Gestion locale et Covid-19 : les associations d’élus sollicitent le Premier ministre

Finances locales

Contribution au fonds national de solidarité, accélération des interventions en matière sociale, aides aux entreprises en difficulté, acquisition de matériel sanitaire, abandons de produits domaniaux… Les collectivités s’impliquent depuis les premiers jours dans la crise du coronavirus. Mobilisées pour le déconfinement, elles demandent à l’État de leur assurer les ressources qui leur reviennent.

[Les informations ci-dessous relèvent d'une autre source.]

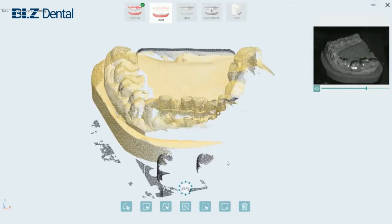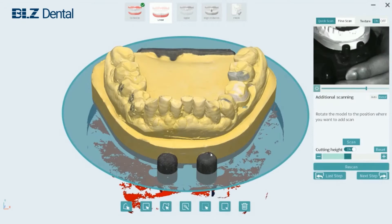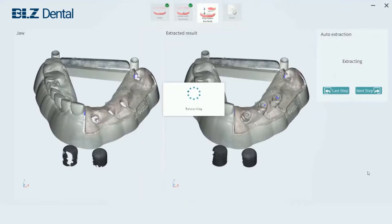Hi everyone, in this video I'm going to review one of the latest dental lab scanners in the market. Welcome back and thanks for watching. For many of you, including myself, who are everyday scanner users in the lab,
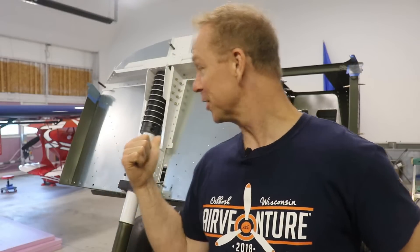Hey everybody, welcome back to the Zenith Super Duty build. What do you say we get this nose gear strut on? Oh look, it's already on. Let me show you how I did that.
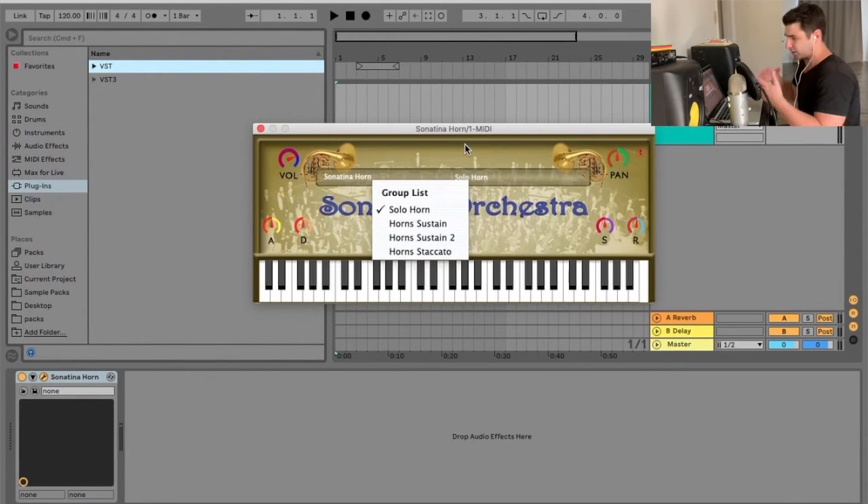When it comes to the Sonatina Orchestra set, it's an iconic set — legendary when it comes to orchestral VSTs. Really the first one, in my opinion, that was super well known.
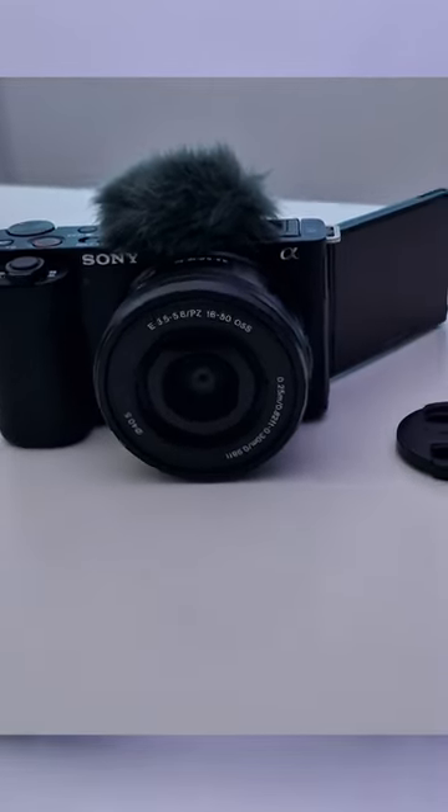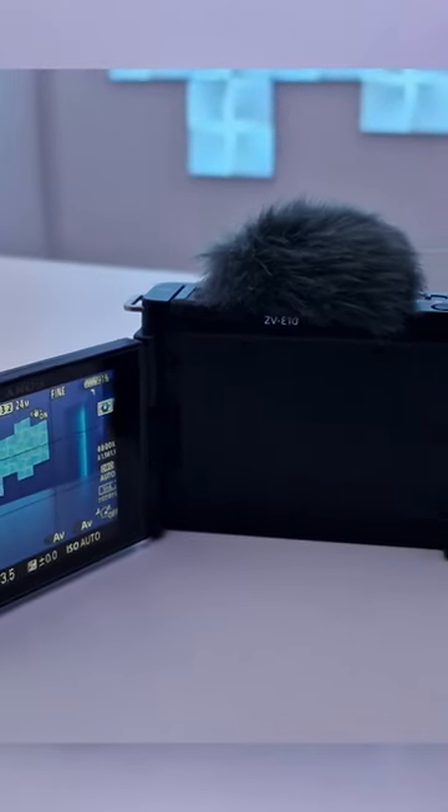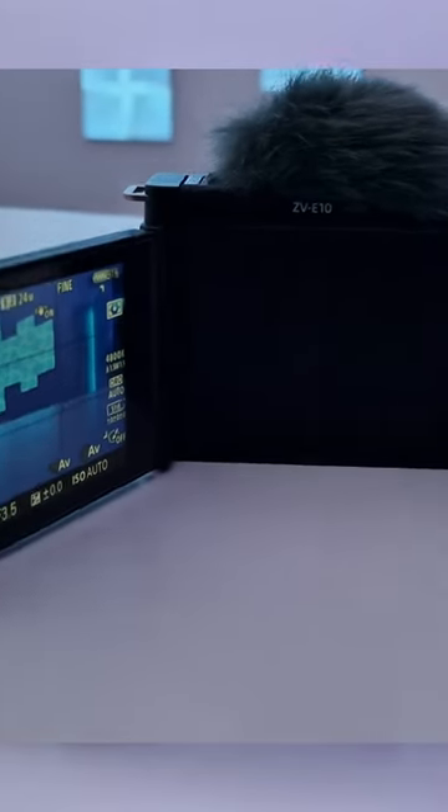I love this feature, because it means if you're just starting out with content creation, or if you just want a camera to pick up and go vlogging and take out on your holidays with the family, you don't need to buy an external mic separately to get yourself that crisp audio. This camera has it all built in, nice and easy.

Les élus locaux sont aujourd’hui appelés à mettre en place avec l’État le plan de déconfinement au niveau national. Mobilisés dans l’urgence depuis le début de la crise sanitaire pour tenter d’en limiter les conséquences humaines, sociales et économiques, ils s’attendent à de lourdes pertes de ressources. C’est ce que constatent les associations d’élus* et les départements dans un courrier adressé au Premier ministre le 15 avril 2020. Elles jugent notamment indispensable qu’Édouard Philippe puisse, dès à présent, leur confirmer qu’elles pourront continuer à disposer de l’ensemble de leurs ressources (impôts locaux et fonds de concours de l’État), et demandent « qu’une négociation avec l’État sur le niveau garanti de ressources aux collectivités puisse débuter très prochainement ». Car les collectivités attendent un certain nombre de conditions pour être des acteurs majeurs de la relance économique, en particulier que soient reconsidérées certaines échéances réglementaires en vigueur. Même si les ordonnances des 23 mars 2020, 1er avril et 8 avril 2020 leur ont permis de répondre aux problèmes urgents de vote des budgets 2020 et d’assurer la continuité des procédures comptables, indispensables à leur fonctionnement.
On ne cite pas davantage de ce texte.